Data section
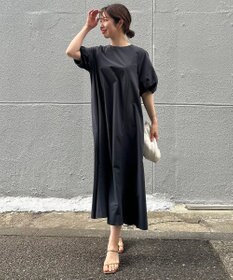 UNFILO 【撥水/シワになりにくい】FINE MOVE ランタンスリーブワンピース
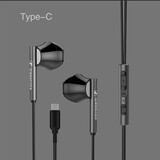 森海塞尔半入耳式重低音MX385i有线通话线控带麦type-c通用 【Type-c接口】德行全新盒装+便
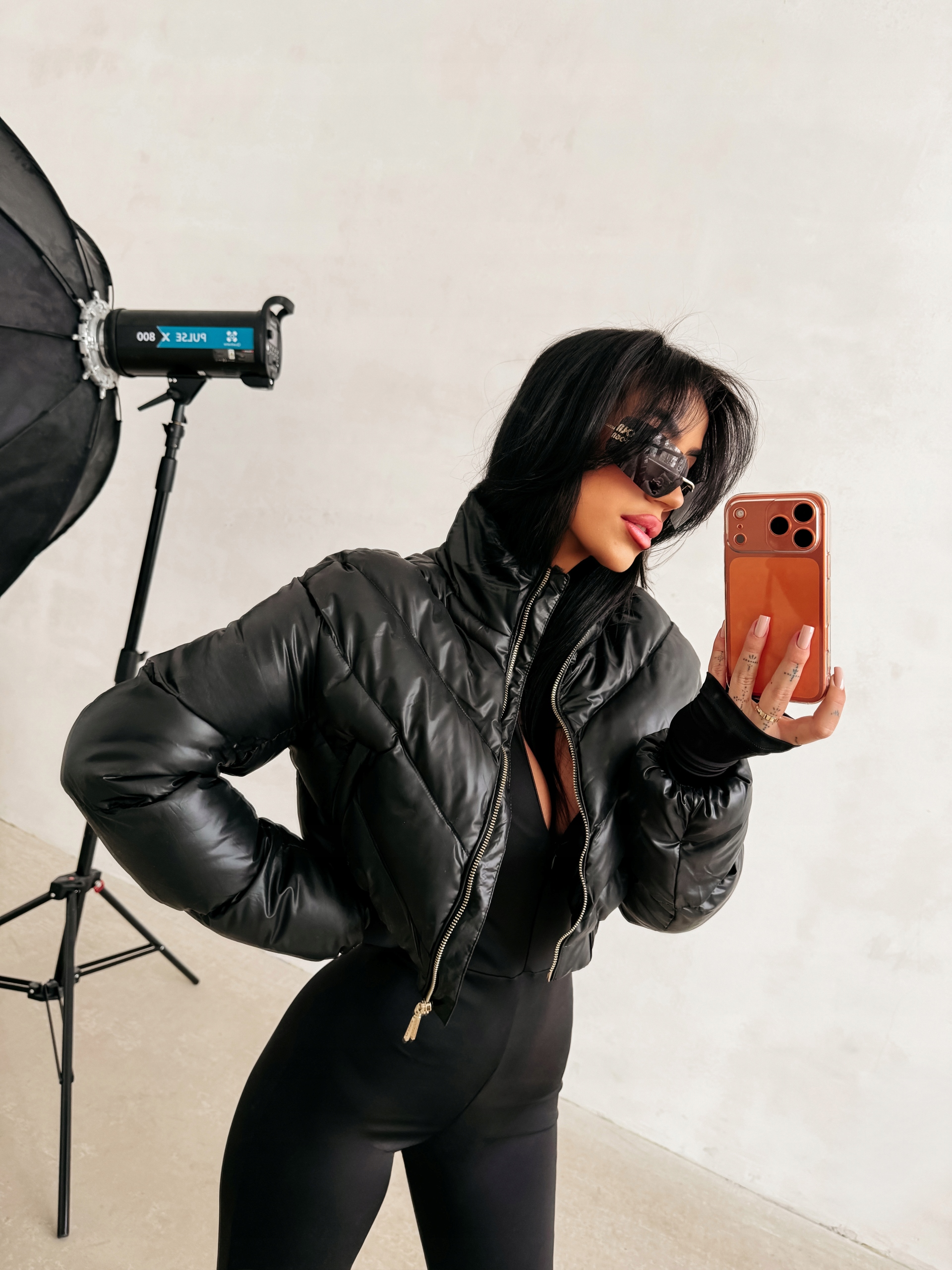 Dámská Taazu Bunda O La Voga Černá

Work request
What you print must be exactly the lines from the one containing "森海塞尔半入耳式重低音MX3" through the last line of the material, and no pictures.

Solution for this exercise
 森海塞尔半入耳式重低音MX385i有线通话线控带麦type-c通用 【Type-c接口】德行全新盒装+便
 Dámská Taazu Bunda O La Voga Černá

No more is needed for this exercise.